= Johné Parker =

American mechanical engineer

Johné Michelle Parker (born 1964) is an American mechanical engineer and advocate for minority participation in STEM fields, whose research has included work on surface coatings and their defects, computer vision, smart manufacturing, and wireless systems. She is an associate professor at the University of Kentucky, in the Department of Mechanical and Aerospace Engineering, and associate dean for access, community and engagement in the Stanley and Karen Pigman College of Engineering.

==Education and career==
Parker is originally from Montgomery, Alabama, where she was born in 1964, and grew up in Tuskegee, Alabama.
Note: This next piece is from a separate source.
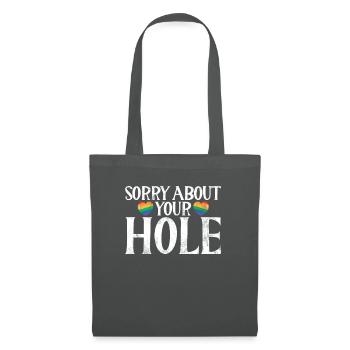 Gay Gifts - Stoffbeutel - Graphite - Vorne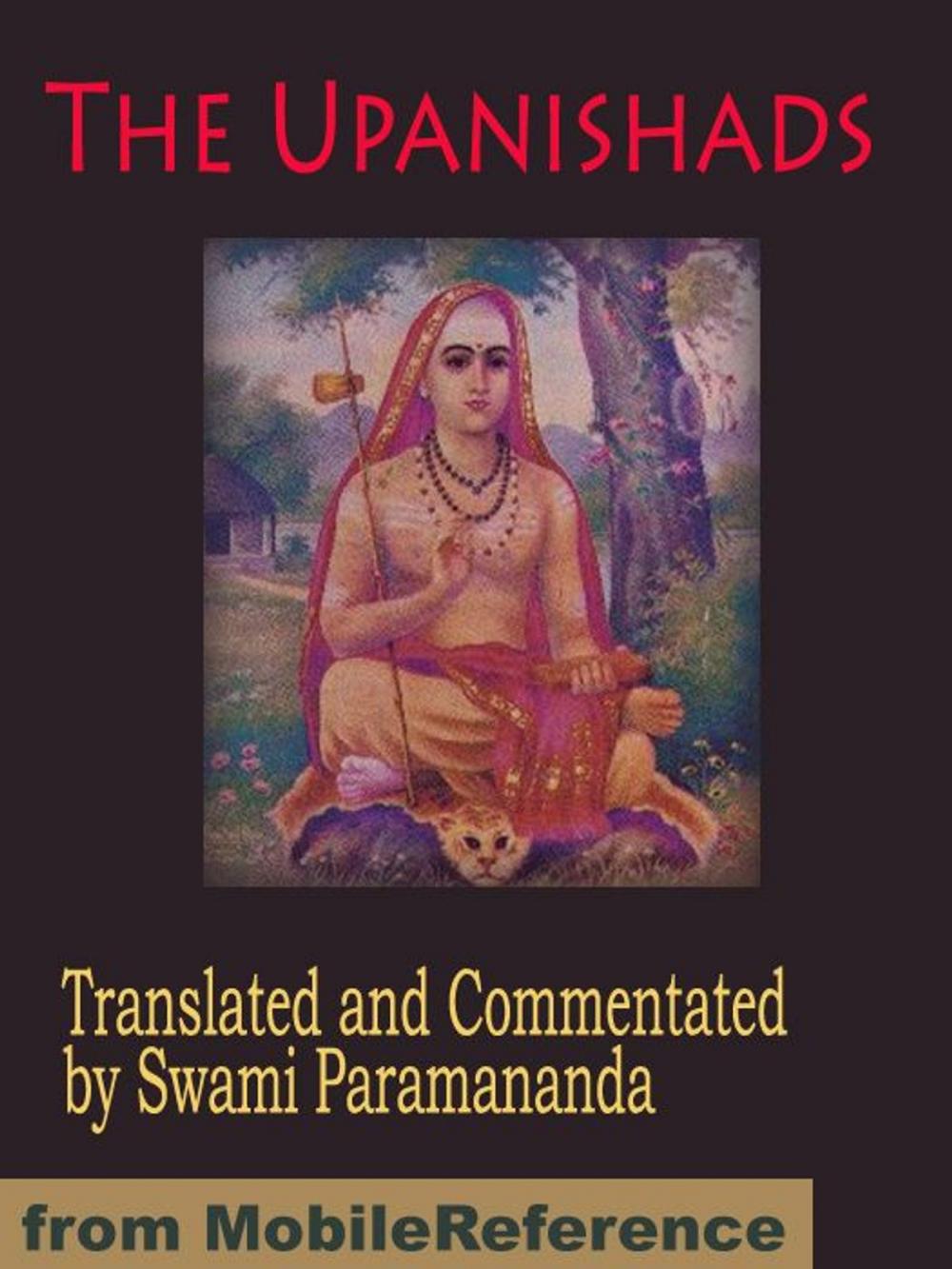 Big bigCover of The Upanishads: Translated And Commentated By Swami Paramananda (Mobi Classics)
After a year of study at the Tuskegee University, she became an undergraduate at Georgia Tech, receiving a bachelor's degree in mechanical engineering in 1985. After working in the oil industry from 1984 to 1990, she returned to graduate study in mechanical engineering at Georgia Tech, and completed her Ph.D. there in 1996. Her dissertation, An analytical and experimental investigation of physically accurate synthetic images for machine vision design, was supervised by Kok-Meng Lee and Holly Rushmeier.

She became an assistant professor of mechanical engineering at the University of Kentucky in 1996, and was promoted to associate professor in 2002. She became acting associate dean for diversity, equity and inclusion (subsequently retitled as associate dean for access, community and engagement ) in 2022.

In 2005–2006 she took a sabbatical to serve as an American Association for the Advancement of Science (AAAS) and American Society of Mechanical Engineers (ASME) Congressional Fellow, in the office of North Dakota Senator Byron Dorgan. She has also lead efforts to promote minority participation in STEM through The Kentucky–West Virginia Louis Stokes Alliance for Minority Participation.

==Recognition==
Parker was named as an ASME Fellow, in its 2026 class of fellows.